──────── Data provided ────────

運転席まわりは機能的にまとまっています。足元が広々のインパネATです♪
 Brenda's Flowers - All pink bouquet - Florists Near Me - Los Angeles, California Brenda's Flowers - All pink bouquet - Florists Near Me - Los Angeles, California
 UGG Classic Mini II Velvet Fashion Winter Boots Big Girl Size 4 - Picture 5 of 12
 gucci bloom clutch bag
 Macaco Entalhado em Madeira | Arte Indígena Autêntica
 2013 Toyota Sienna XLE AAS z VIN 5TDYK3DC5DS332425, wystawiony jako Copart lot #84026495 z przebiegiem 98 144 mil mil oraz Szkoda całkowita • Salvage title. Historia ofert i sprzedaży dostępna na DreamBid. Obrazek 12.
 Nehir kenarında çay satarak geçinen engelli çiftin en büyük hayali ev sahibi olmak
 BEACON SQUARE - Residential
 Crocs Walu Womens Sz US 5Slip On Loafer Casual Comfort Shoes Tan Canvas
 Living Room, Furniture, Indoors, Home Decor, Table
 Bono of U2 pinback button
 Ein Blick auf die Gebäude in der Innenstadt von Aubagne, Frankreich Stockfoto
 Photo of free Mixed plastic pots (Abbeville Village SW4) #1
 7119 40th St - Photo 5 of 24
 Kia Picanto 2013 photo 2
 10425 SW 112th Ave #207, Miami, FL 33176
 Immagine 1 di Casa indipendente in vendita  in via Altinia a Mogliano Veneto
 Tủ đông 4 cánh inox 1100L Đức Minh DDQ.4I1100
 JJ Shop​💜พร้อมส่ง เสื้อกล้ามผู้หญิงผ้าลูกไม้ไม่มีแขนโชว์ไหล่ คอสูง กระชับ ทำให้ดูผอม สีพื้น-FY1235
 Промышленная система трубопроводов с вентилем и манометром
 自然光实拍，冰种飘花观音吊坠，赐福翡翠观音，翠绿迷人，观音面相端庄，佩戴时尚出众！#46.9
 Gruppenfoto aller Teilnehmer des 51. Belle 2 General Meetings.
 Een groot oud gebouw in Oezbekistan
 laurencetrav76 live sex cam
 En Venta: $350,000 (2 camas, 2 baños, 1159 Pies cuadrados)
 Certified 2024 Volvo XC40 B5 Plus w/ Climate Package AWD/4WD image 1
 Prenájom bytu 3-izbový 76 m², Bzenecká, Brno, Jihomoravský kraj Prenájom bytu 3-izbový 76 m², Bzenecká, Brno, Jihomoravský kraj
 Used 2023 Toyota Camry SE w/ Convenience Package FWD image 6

────────

Goal of the exercise:
Transcribe all the material, keeping each word as it is.

Response:
運転席まわりは機能的にまとまっています。足元が広々のインパネATです♪
 Brenda's Flowers - All pink bouquet - Florists Near Me - Los Angeles, California Brenda's Flowers - All pink bouquet - Florists Near Me - Los Angeles, California
 UGG Classic Mini II Velvet Fashion Winter Boots Big Girl Size 4 - Picture 5 of 12
 gucci bloom clutch bag
 Macaco Entalhado em Madeira | Arte Indígena Autêntica
 2013 Toyota Sienna XLE AAS z VIN 5TDYK3DC5DS332425, wystawiony jako Copart lot #84026495 z przebiegiem 98 144 mil mil oraz Szkoda całkowita • Salvage title. Historia ofert i sprzedaży dostępna na DreamBid. Obrazek 12.
 Nehir kenarında çay satarak geçinen engelli çiftin en büyük hayali ev sahibi olmak
 BEACON SQUARE - Residential
 Crocs Walu Womens Sz US 5Slip On Loafer Casual Comfort Shoes Tan Canvas
 Living Room, Furniture, Indoors, Home Decor, Table
 Bono of U2 pinback button
 Ein Blick auf die Gebäude in der Innenstadt von Aubagne, Frankreich Stockfoto
 Photo of free Mixed plastic pots (Abbeville Village SW4) #1
 7119 40th St - Photo 5 of 24
 Kia Picanto 2013 photo 2
 10425 SW 112th Ave #207, Miami, FL 33176
 Immagine 1 di Casa indipendente in vendita  in via Altinia a Mogliano Veneto
 Tủ đông 4 cánh inox 1100L Đức Minh DDQ.4I1100
 JJ Shop​💜พร้อมส่ง เสื้อกล้ามผู้หญิงผ้าลูกไม้ไม่มีแขนโชว์ไหล่ คอสูง กระชับ ทำให้ดูผอม สีพื้น-FY1235
 Промышленная система трубопроводов с вентилем и манометром
 自然光实拍，冰种飘花观音吊坠，赐福翡翠观音，翠绿迷人，观音面相端庄，佩戴时尚出众！#46.9
 Gruppenfoto aller Teilnehmer des 51. Belle 2 General Meetings.
 Een groot oud gebouw in Oezbekistan
 laurencetrav76 live sex cam
 En Venta: $350,000 (2 camas, 2 baños, 1159 Pies cuadrados)
 Certified 2024 Volvo XC40 B5 Plus w/ Climate Package AWD/4WD image 1
 Prenájom bytu 3-izbový 76 m², Bzenecká, Brno, Jihomoravský kraj Prenájom bytu 3-izbový 76 m², Bzenecká, Brno, Jihomoravský kraj
 Used 2023 Toyota Camry SE w/ Convenience Package FWD image 6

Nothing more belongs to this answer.